In the scientific literature, various aspects of corruption in the field under consideration have devoted their works to E. Yu. Antonova [6; 7], V. V. Astanin [8–10], B. V. Volzhenkin [11; 12], G. S. Goncharenko [13], A. S. Gorelik [14; 15], N. A. Egorova [16], S. V. Izosimov [17], O. S. Kapinus [18], M. K. Karandyshev [19], S. D. Krasnousov [20], N. A. Lopashenko [21; 22], S. D. Makarov [23], T. A. Nekrasova [24; 25], V. A. Nomokonov [26; 27], S. Yu. Suikov [28], Yu. V. Truntsevsky [29–31], L. P. Tumarkina [32], D. R. Fedoriv and M. L. Gachava [33], T. Ya. Khabrieva [29], G. N. Khlupina [1], A. M. Tsirin [29; 34; 35], E. S. Shalygina [36], E. S. Shimshilova [37], I. V. Shishko [1; 38], A.M. Shunaev [39], P. S. Yani [40; 41], et al.

The analysis of the conducted research has revealed the main approaches to understanding the features of corruption in commercial organizations, which reflect its various aspects and ways to prevent it. Meanwhile, the question of the socio-legal characteristics of corruption in commercial organizations remains open today.

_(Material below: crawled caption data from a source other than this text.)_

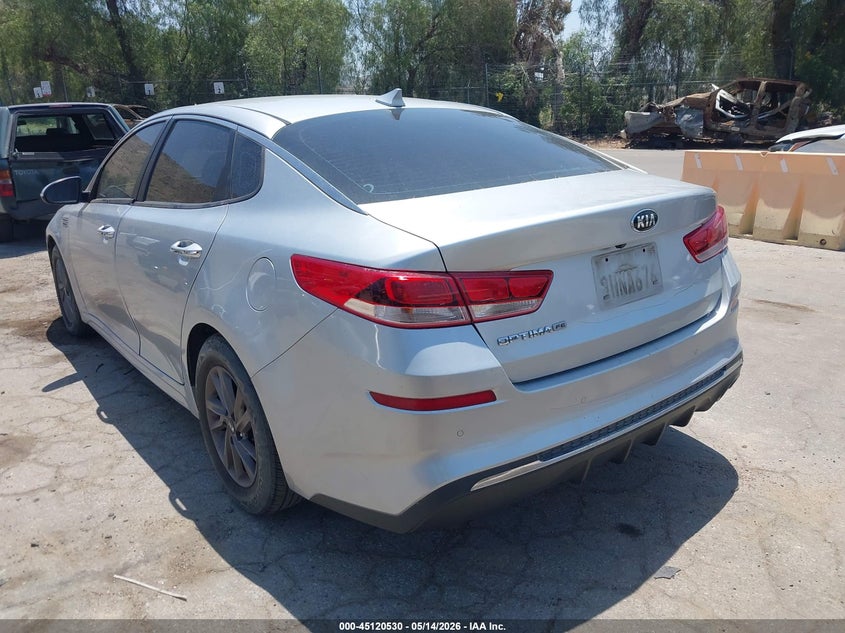 2020 KIA OPTIMA auction photo 3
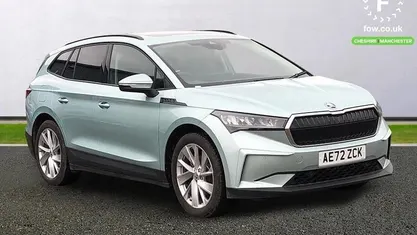 Used Skoda Enyaq iV ecoSuite 131 kW (179 HP) 2023 Silver SUV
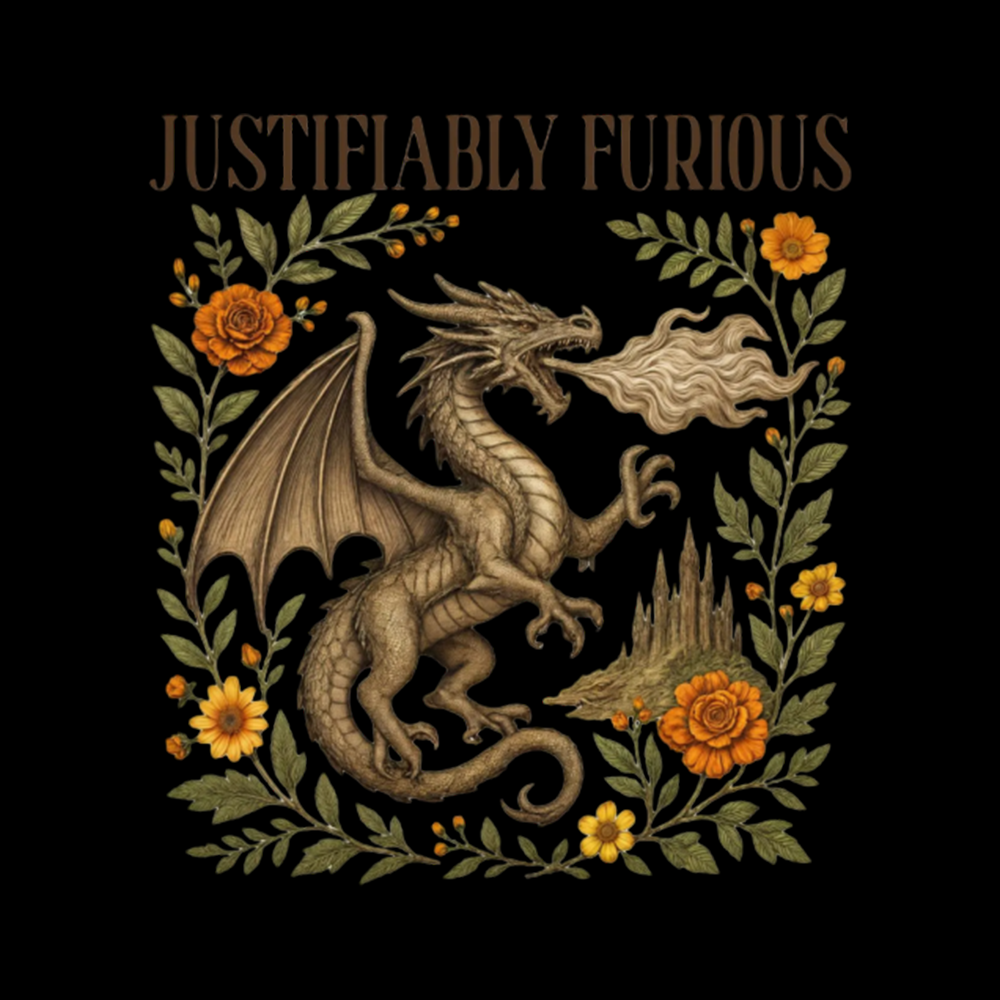 Justifiably Furious Washed T-Shirts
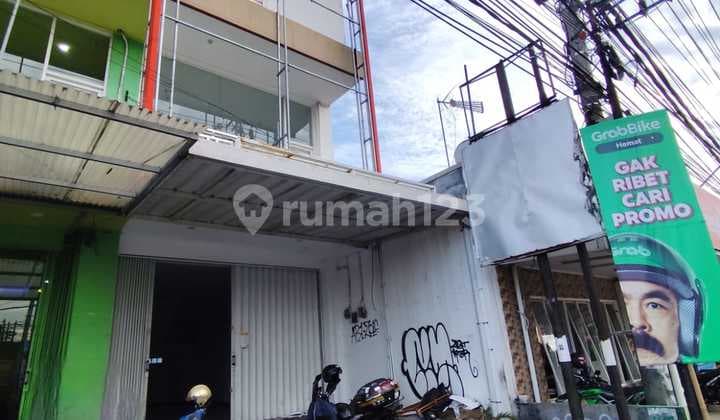 Strategic 4-Storey Shop House on Jalan Laksda Adisucipto Near Ambarukmo Plaza Caturtunggal Depok Sleman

Corruption in commercial organizations is a kind of generic socio-legal phenomenon. In turn, this type of corruption has its own characteristic features, which are revealed in the features of the sphere of existence, the subject composition, as well as the purpose of corrupt behavior [42, p. 121].

In the sphere of the existence of corruption in commercial organizations, there are both internal management activities of commercial organizations, and external activities of a commercial organization carried out in conjunction with other business entities, including representatives of the public sector.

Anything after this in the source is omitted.